Sgt. Lindsey Houghton of the Combined Forces Special Enforcement Unit – BC (CFSEU-BC), the province’s anti-gang unit, told The VOICE this week that in the lead up to Christmas we typically see fewer incidents of gang violence.

He also noted: “We’ve seen fewer incidents this year in terms of gang-related murders and gang-related attempted murders.”

Houghton added: “So that’s, of course, a very positive thing, but we know January and February statistics have historically picked up and sometimes significantly. So we are very well aware of that and we continue to work to make sure that that does not happen at the start of 2015.”

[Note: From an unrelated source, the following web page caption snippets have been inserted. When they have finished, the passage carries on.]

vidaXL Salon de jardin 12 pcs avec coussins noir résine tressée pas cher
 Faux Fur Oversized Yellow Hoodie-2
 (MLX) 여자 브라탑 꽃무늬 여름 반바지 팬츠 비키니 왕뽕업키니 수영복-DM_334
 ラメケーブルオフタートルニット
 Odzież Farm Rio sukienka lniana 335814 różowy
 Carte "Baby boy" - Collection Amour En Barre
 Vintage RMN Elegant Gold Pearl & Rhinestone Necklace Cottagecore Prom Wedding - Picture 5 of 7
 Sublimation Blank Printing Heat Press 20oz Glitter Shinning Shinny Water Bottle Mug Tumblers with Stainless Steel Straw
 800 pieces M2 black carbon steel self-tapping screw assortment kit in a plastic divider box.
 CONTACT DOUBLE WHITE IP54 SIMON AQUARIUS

He said: “There’s always gang members out there doing their criminal activity and looking to take each other out and we continually suppress their activities, disrupt their activities and work with our policing partners in every corner of the province to make sure that they are not successful in what they are planning or what they want to do.”


TOP STORY ABBY 2009 red scorpions RedScorpion jacketI asked Houghton, who VOICE readers are now very familiar with, if any crime group was trying to fill the gap created by the Red Scorpions.

Last October, B.C. Supreme Court Justice Catherine Wedge found two Red Scorpion gangsters Cody Haevischer and Matthew Johnston each guilty of six counts of first-degree murder and one count of conspiracy to commit murder in the 2007 Surrey Six murders.

Surrey Six co-accused Jamie Bacon, who is incarcerated, is being tried separately. He is charged with first-degree murder in the death of Corey Lal and, along with Haevischer and Johnston, conspiracy to commit murder in Lal’s death.

His brother Jonathan’s murder trial will start in April 2016 in Kelowna. The accused are Jujhar Khun-Khun, Michael Jones and Jason McBride. Jonathan was killed in Kelowna on August 14, 2011. Bacon, Larry Amero, a full-patch Hells Angels member, James Riach of the Independent Soldiers and two women were injured in the gangland shooting.

Jonathan Bacon
Jonathan Bacon

The third brother, Jarrod Bacon, has been serving a 14-year prison sentence for conspiring to import cocaine into Canada from Mexico.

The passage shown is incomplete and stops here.